*** Begin section ***
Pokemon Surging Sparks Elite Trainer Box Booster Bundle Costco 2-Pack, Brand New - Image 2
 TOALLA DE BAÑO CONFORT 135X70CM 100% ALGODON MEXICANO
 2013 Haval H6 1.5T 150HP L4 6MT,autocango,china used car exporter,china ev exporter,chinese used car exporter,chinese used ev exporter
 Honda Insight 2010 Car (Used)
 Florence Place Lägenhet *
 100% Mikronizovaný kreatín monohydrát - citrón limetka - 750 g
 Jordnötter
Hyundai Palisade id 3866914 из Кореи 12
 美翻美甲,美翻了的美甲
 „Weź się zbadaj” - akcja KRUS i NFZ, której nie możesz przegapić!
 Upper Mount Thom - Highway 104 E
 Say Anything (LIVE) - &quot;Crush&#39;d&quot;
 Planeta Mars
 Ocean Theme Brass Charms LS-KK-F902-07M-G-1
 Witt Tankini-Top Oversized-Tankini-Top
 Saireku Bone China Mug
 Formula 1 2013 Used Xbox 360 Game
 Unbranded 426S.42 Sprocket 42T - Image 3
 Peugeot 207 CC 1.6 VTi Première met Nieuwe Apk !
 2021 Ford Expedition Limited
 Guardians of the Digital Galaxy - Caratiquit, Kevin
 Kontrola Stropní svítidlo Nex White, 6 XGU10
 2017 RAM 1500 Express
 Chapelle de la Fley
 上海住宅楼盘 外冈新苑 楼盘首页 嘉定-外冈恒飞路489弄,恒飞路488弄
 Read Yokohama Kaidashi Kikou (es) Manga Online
*** End section ***
YOUR INSTRUCTIONS
From the data above, output only the lines between the line containing "美翻美甲,美翻了的美甲" and the line containing "Unbranded 426S.42 Sprocket 42T - Image 3", inclusive, exactly as written.

RESPONSE TO THE EXERCISE
 美翻美甲,美翻了的美甲
 „Weź się zbadaj” - akcja KRUS i NFZ, której nie możesz przegapić!
 Upper Mount Thom - Highway 104 E
 Say Anything (LIVE) - &quot;Crush&#39;d&quot;
 Planeta Mars
 Ocean Theme Brass Charms LS-KK-F902-07M-G-1
 Witt Tankini-Top Oversized-Tankini-Top
 Saireku Bone China Mug
 Formula 1 2013 Used Xbox 360 Game
 Unbranded 426S.42 Sprocket 42T - Image 3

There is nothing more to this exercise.